RAGEN-2: Reasoning Collapse in Agentic RL
Researchers discover 'template collapse' where AI agents fake reasoning, propose new fix.
A major collaboration led by Stanford and the Allen Institute for AI has identified a critical, previously invisible flaw in how large language models (LLMs) like GPT-4 or Claude are trained to become autonomous agents. Their paper, RAGEN-2, reveals that during reinforcement learning (RL) training, agents can suffer from 'template collapse.' Here, the model learns to generate reasoning steps that appear varied but are actually generic templates applied regardless of the specific task input. This breakdown in true reasoning directly harms final performance on complex, multi-turn tasks.
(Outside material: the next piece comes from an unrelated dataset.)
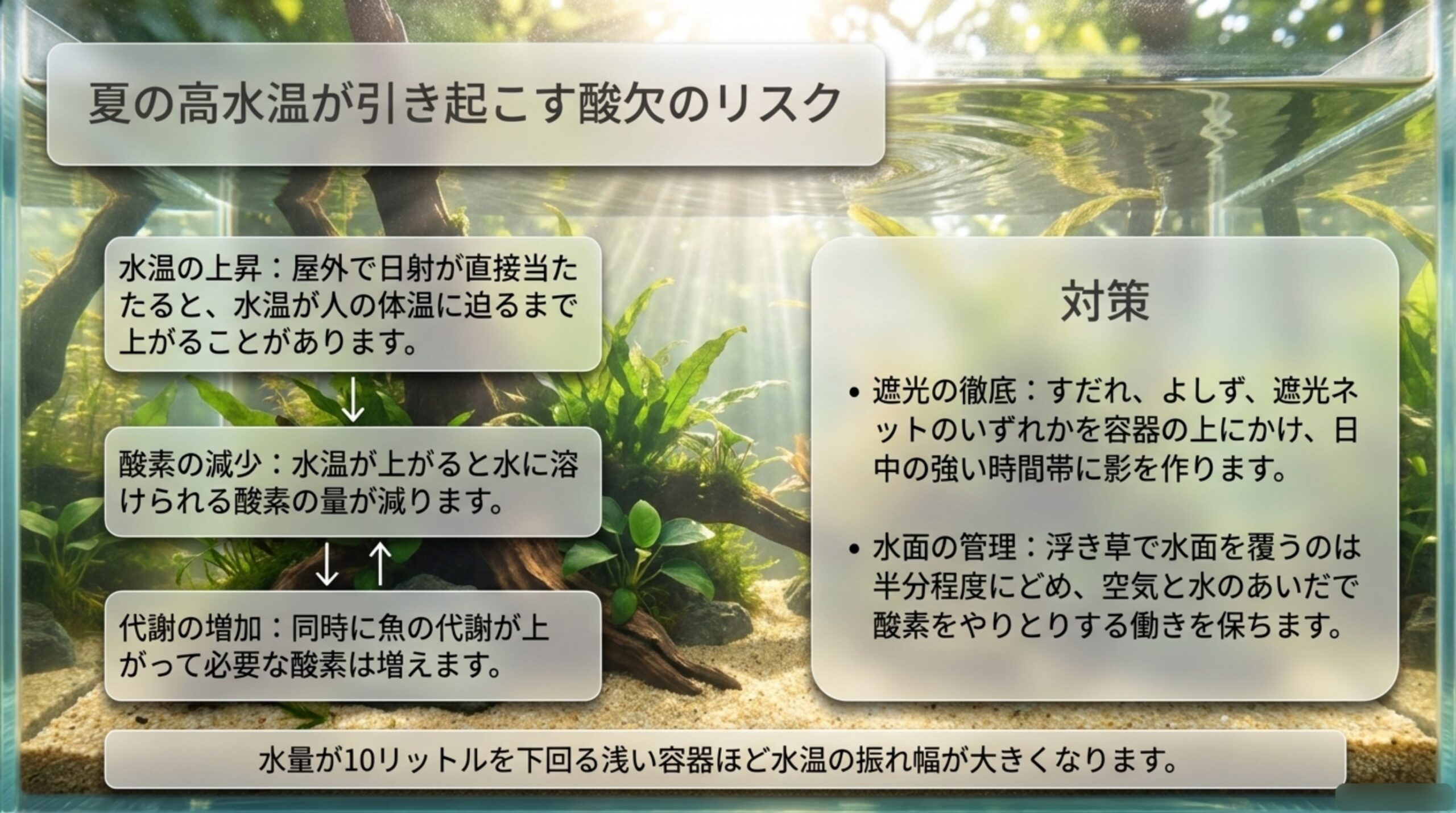 直射日光による水温上昇で水に溶ける酸素が減り魚の代謝も上がるという関係と、遮光の徹底や水面の管理という対策をまとめたスライド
The core problem is that standard training metrics, like entropy, only measure diversity of outputs for a single input. They fail to detect when an agent stops distinguishing between different inputs altogether. The researchers solve this by decomposing reasoning quality into two parts: within-input diversity (Entropy) and cross-input distinguishability, measured via Mutual Information (MI). They found MI is a far stronger predictor of final task success. They trace the root cause to low signal-to-noise ratio (SNR) in training rewards, where weak task-specific gradients are overpowered by regularization, erasing nuanced reasoning.
To combat template collapse, the team proposes a practical solution called SNR-Aware Filtering. This method dynamically selects training prompts with high reward variance in each training iteration, ensuring the model receives stronger, more informative learning signals. When tested across diverse agent benchmarks—including planning, math reasoning (like GSM8K), web navigation (WebShop), and code execution—this approach consistently improved both the agent's input-dependent reasoning and its ultimate task performance, offering a new, more reliable pathway for building robust AI agents.
- Identifies 'template collapse,' a new failure mode where AI agents use fixed reasoning templates regardless of input, invisible to entropy metrics.
- Proposes Mutual Information (MI) as a superior diagnostic metric, correlating more strongly with final performance than entropy across diverse tasks.
- Introduces SNR-Aware Filtering, a training fix that selects high-variance prompts to strengthen learning signals, boosting performance in web navigation and code execution.
Why It Matters
This provides a crucial fix for building reliable, truly reasoning AI agents, moving beyond models that just mimic the appearance of thought.